> _Dataset section_
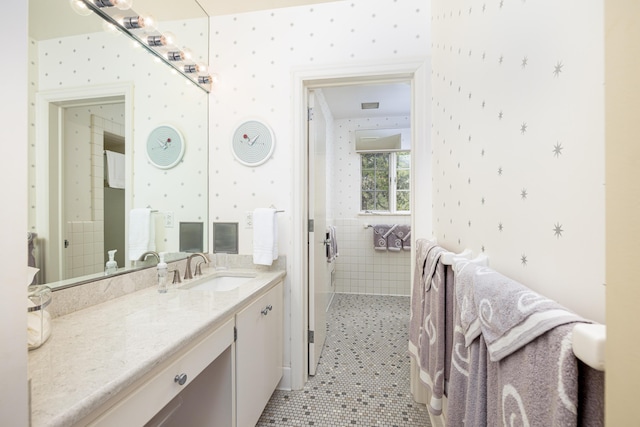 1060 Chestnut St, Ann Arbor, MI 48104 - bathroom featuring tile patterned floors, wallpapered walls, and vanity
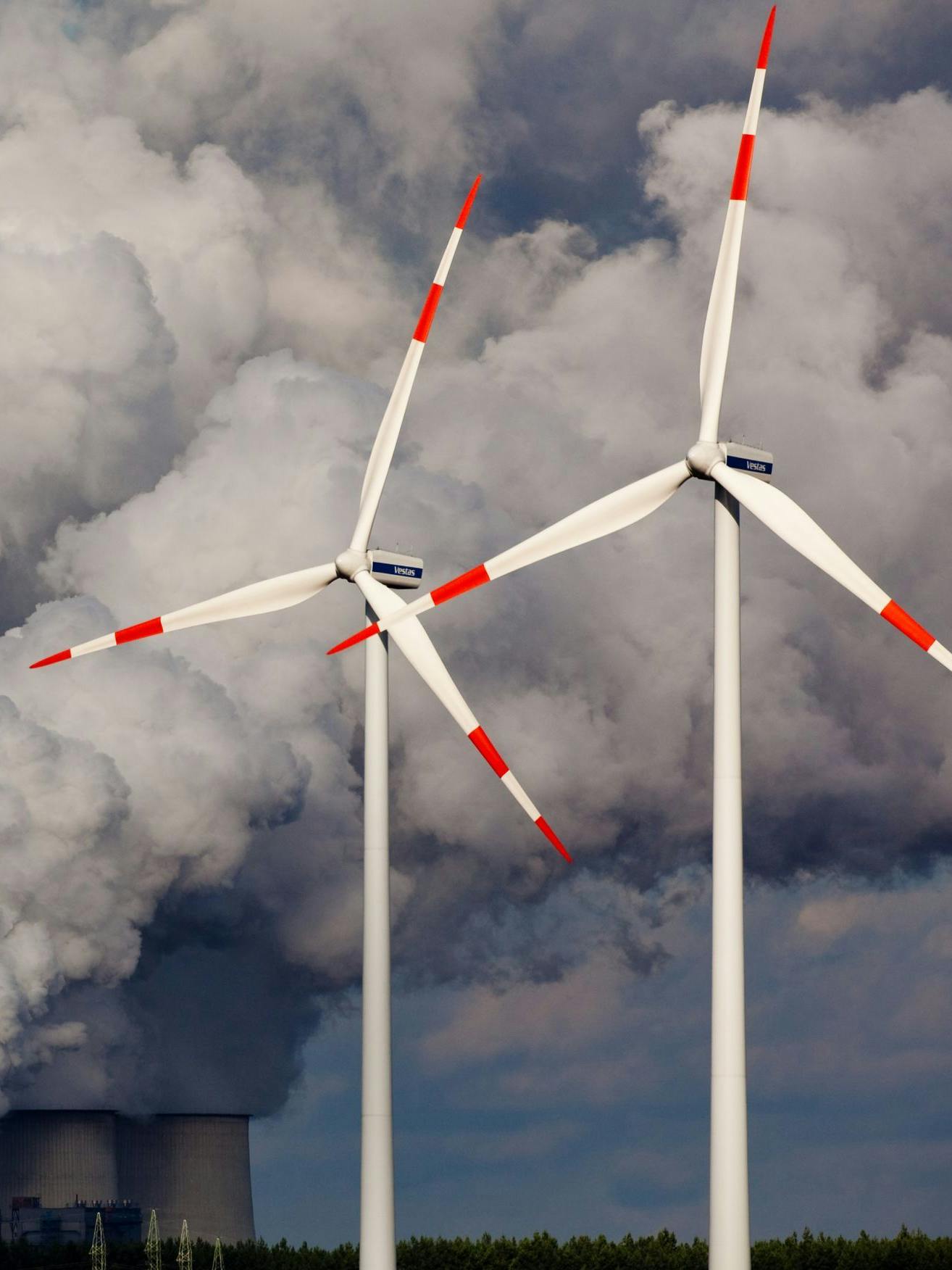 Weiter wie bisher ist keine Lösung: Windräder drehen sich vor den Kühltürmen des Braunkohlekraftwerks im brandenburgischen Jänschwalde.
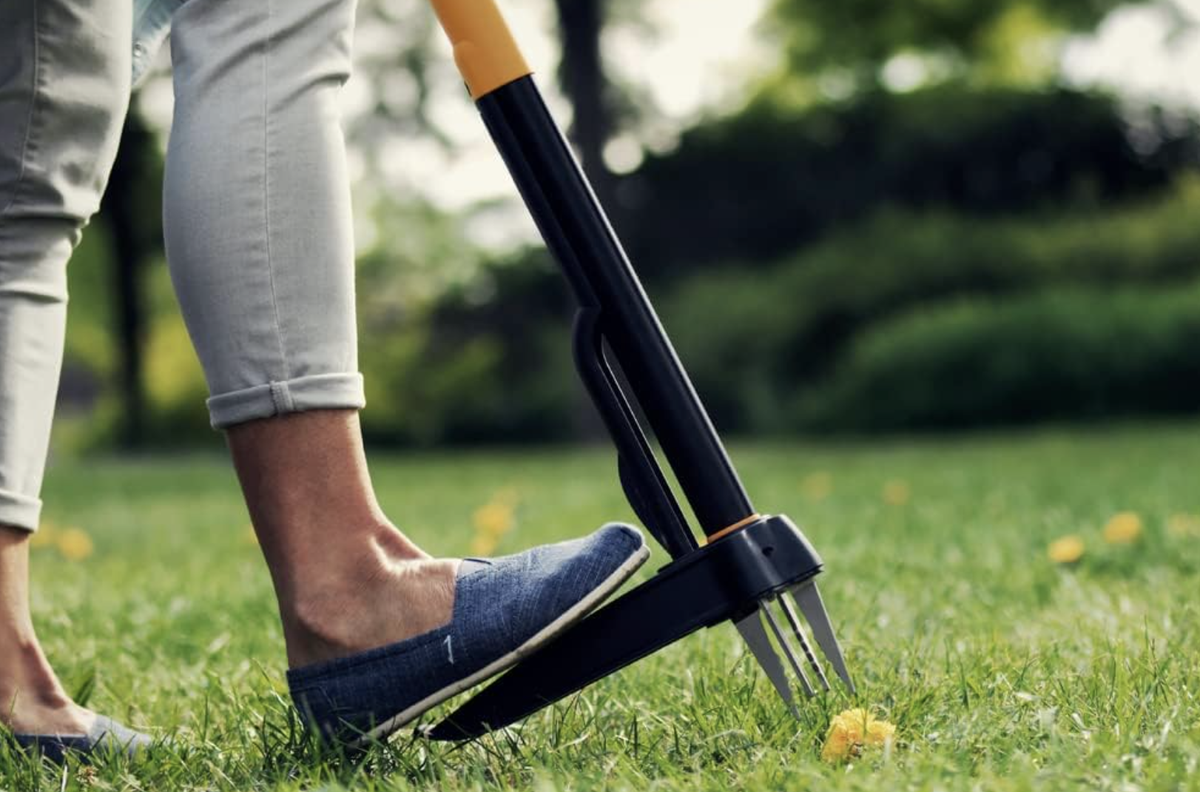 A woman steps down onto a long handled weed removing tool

> _What needs to be done_
Would you restate word for word only the lines from the line with "Weiter wie bisher" to the last line above, with the pictures left out?

> _Response for this exercise_
 Weiter wie bisher ist keine Lösung: Windräder drehen sich vor den Kühltürmen des Braunkohlekraftwerks im brandenburgischen Jänschwalde.
 A woman steps down onto a long handled weed removing tool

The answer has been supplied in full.